By 1982, many of the folk clubs that had emerged in the 60s/70s boom years were struggling, so we decided to try and put a bit of the good music that you might find in a typical (not specialist) folk club in front of the public. Everybody involved did it for free including all the artists and the venue. The budget was minuscule. I asked artists I knew, on the basis that a) I thought they were good and up to it, b) between them we got as wide a cross section of music as we could in the four songs possible while c) having a good variety of instruments played and d) a decent gender balance. On top of that, the idea was that put together they would make a nifty ceilidh band for Eddie to call to. Oh, and I didn't think it was appropriate to play/sing or MC myself - I didn't want it to be wilfully misinterpreted as self-promotion.

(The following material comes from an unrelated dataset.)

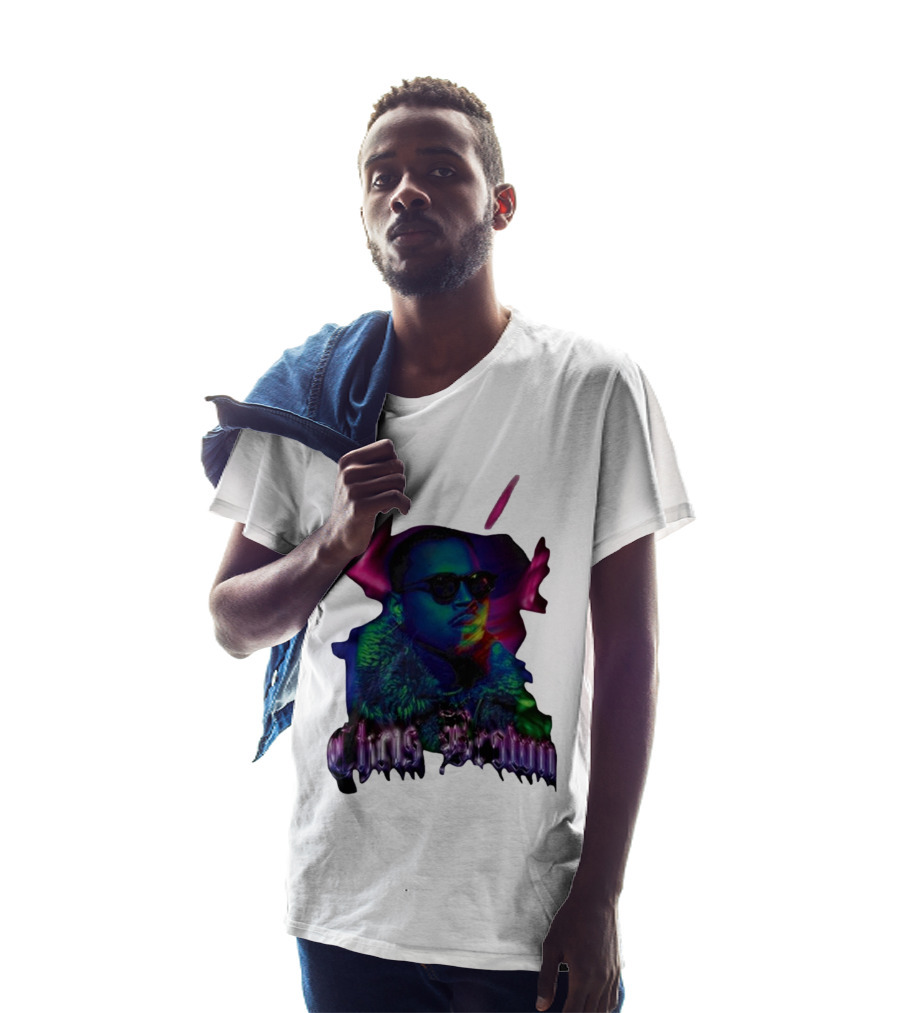 Chris Brown Psychedelic Northern Lights T-Shirt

Of course there could have been many alternative artists/ permutations of the above, but I think the set we had was very decent.

Of course it's dated now visually. Of course the clothes, haircuts, trousers etc look amusing - but then so do clips of the audience for Top Of The Pops in the same era. It was how people looked then. I hope the music stands up though. Oddly, the most criticism I remember after it was broadcast was that the women performers "let the side down" because they didn't have glam TV make-up, haird-dos and frocks!.

What I wasn't to know was that this might well turn out to be one of the few bits of reasonably professional documentary surviving from the folk club scene of that time.

Thanks to everybody who made positive comments before the thread got zapped. When I have time, I've also got a VHS tape (off-air again) from a nice full-length documentary that one of the southern region TV stations made of a later 80s Bracknell Folk Festival that I organised. I'll try to digitise that and upload it in the same way before long.